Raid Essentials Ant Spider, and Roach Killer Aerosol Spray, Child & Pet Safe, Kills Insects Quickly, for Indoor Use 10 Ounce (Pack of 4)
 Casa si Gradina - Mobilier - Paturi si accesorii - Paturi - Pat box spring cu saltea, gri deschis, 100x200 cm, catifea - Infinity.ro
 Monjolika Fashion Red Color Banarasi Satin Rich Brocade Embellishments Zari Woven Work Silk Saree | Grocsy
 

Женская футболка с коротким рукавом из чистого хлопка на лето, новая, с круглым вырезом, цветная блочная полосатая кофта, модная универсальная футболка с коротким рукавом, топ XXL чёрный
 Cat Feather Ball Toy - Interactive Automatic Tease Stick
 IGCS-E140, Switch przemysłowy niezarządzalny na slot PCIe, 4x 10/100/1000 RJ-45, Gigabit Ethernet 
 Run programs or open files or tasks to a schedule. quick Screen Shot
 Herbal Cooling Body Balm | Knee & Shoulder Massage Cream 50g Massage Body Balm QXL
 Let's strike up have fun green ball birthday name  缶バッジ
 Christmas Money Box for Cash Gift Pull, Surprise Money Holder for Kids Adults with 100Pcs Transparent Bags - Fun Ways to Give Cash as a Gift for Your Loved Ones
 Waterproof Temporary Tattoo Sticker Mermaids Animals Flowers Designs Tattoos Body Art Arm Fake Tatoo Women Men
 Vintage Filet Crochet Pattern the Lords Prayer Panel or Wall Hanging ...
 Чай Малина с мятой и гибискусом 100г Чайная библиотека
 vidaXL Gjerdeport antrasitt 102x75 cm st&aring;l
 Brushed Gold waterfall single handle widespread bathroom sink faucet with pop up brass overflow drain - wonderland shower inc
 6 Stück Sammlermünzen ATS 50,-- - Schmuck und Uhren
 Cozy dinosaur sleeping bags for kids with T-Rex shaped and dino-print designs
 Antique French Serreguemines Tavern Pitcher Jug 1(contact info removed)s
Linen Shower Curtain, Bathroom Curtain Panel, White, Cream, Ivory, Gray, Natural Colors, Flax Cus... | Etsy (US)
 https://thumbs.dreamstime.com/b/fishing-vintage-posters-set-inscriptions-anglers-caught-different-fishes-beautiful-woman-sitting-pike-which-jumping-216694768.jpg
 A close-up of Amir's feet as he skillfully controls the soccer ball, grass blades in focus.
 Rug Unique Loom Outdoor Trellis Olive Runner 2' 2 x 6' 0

* * * * *

**Task prompt**.
Only the lines above starting at the one containing "Casa si Gradina" and ending at the one containing "IGCS-E140, Switch przemysłowy", both included, are to be returned, exactly as they read.

**Result of the task**.
 Casa si Gradina - Mobilier - Paturi si accesorii - Paturi - Pat box spring cu saltea, gri deschis, 100x200 cm, catifea - Infinity.ro
 Monjolika Fashion Red Color Banarasi Satin Rich Brocade Embellishments Zari Woven Work Silk Saree | Grocsy
 

Женская футболка с коротким рукавом из чистого хлопка на лето, новая, с круглым вырезом, цветная блочная полосатая кофта, модная универсальная футболка с коротким рукавом, топ XXL чёрный
 Cat Feather Ball Toy - Interactive Automatic Tease Stick
 IGCS-E140, Switch przemysłowy niezarządzalny na slot PCIe, 4x 10/100/1000 RJ-45, Gigabit Ethernet 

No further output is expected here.